A sharp reduction in demand was precipitated by a spike in Covid-19 cases. “Pressure on the hospital network… impacted the increase in the number of cancellations and no-shows”, the carrier says.
During the first three months of the year, Gol carried 4.5 million customers, 46% fewer than in the first-quarter of 2020, when the coronavirus pandemic began impacting the globe.
In the first quarter, the airline served 159 markets and operated an average of 364 flights daily – about 53% of its daily flights during the first quarter one year ago.
GOL ended the quarter with 127 aircraft in its all-Boeing 737 fleet. The firm’s eight Max and 77 other aircraft were in operation, a reduction of 13 aircraft compared to the end of December 2020.
In the second quarter, Gol expects to operate 63 aircraft, 14 fewer than in the first quarter but about four times the number it operated in the second quarter in 2020.
Mass vaccination will be integral to a meaningful rebound in demand across Brazil, Kakinoff says.
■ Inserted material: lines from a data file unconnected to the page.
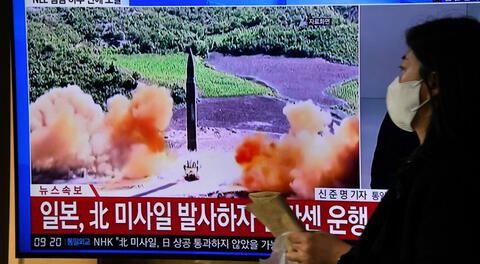 Corea del Norte lanzó este miércoles un nuevo misil balístico que habría sobrevolado Japón.
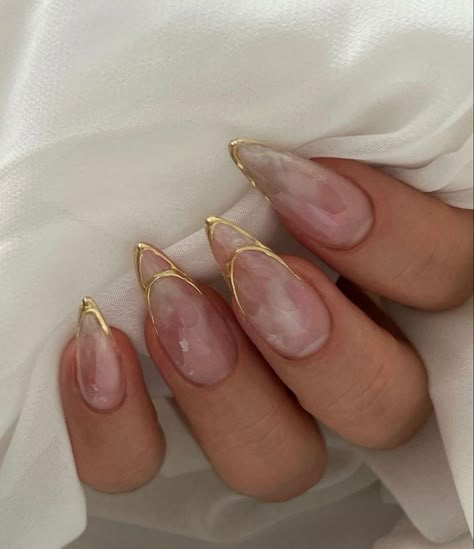 Nail Jelly, Gold Nail Designs, Almond Shape Nails, Classy Acrylic Nails, Color Nails, Shiny Nails, Dipped Nails, Elegant Nails, Luxury Nails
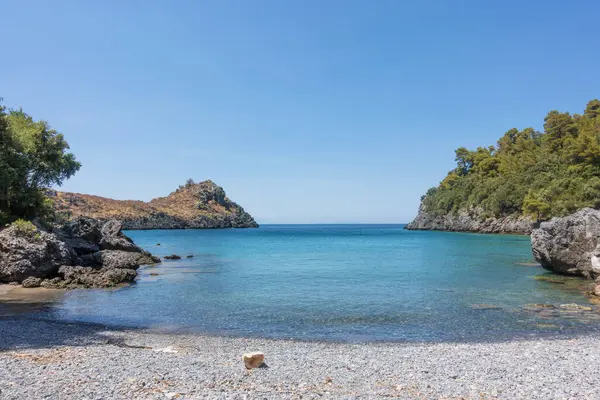 Kuzey Evia, Yunanistan 'da Sarakiniko Körfezi' nde inanılmaz bir manzara. 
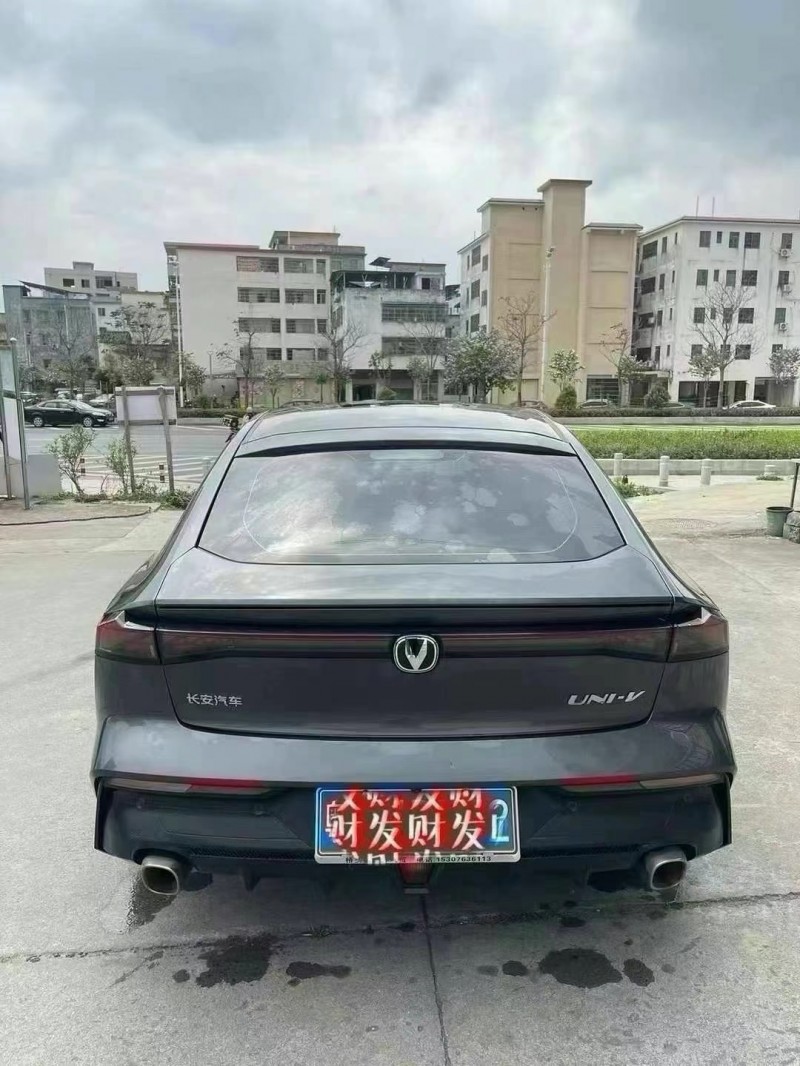 广州22年长安汽车UNI-V8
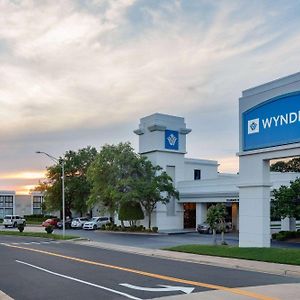 Wyndham Riverfront Hotel Литъл Рок Exterior photo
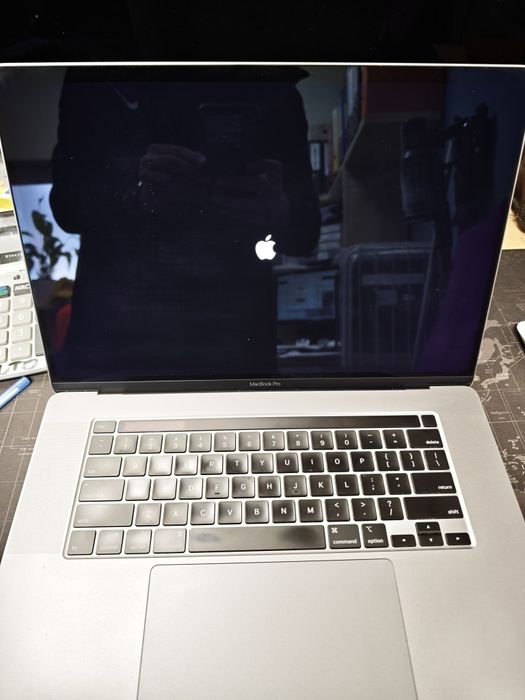 Vând macbook pro 16 inch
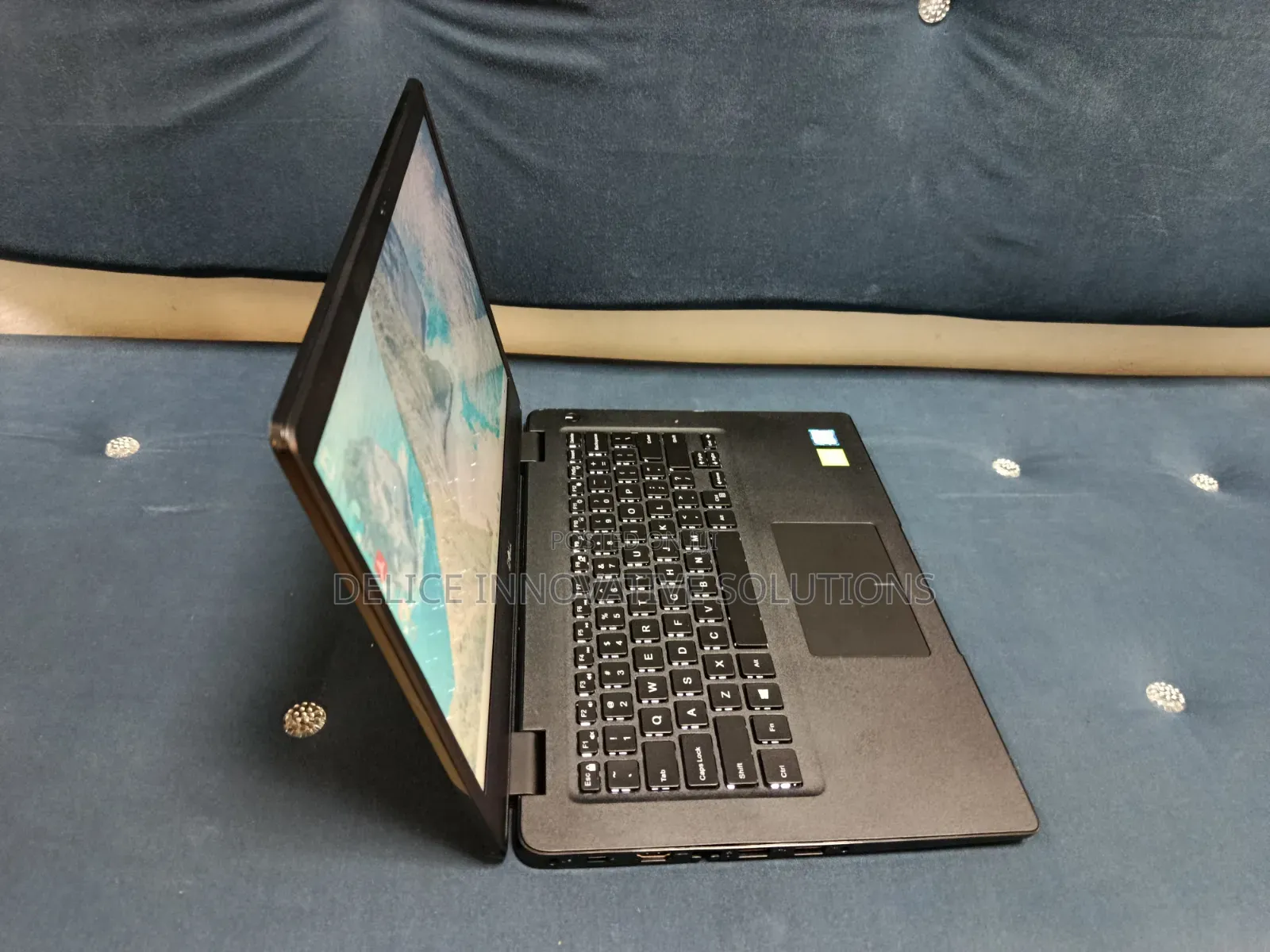 Laptop Dell Latitude 3400 8GB Intel Core i7 SSD 256GB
“Based on the experience of airlines in the United States and United Kingdom, countries that are more advanced than Brazil in the roll-out of vaccines, we expect the national programme for immunisation to positively impact on the normalisation of demand for air travel in Brazil,” he adds.
Earlier this week, the Brazilian airline announced plans to become carbon-neutral by 2050, making it the first carrier in Latin America to make such a commitment.
“This is a key component in combating the effects of the pandemic and is a strategic driver for perpetuity and growth of the business going forward,” Kakinoff says.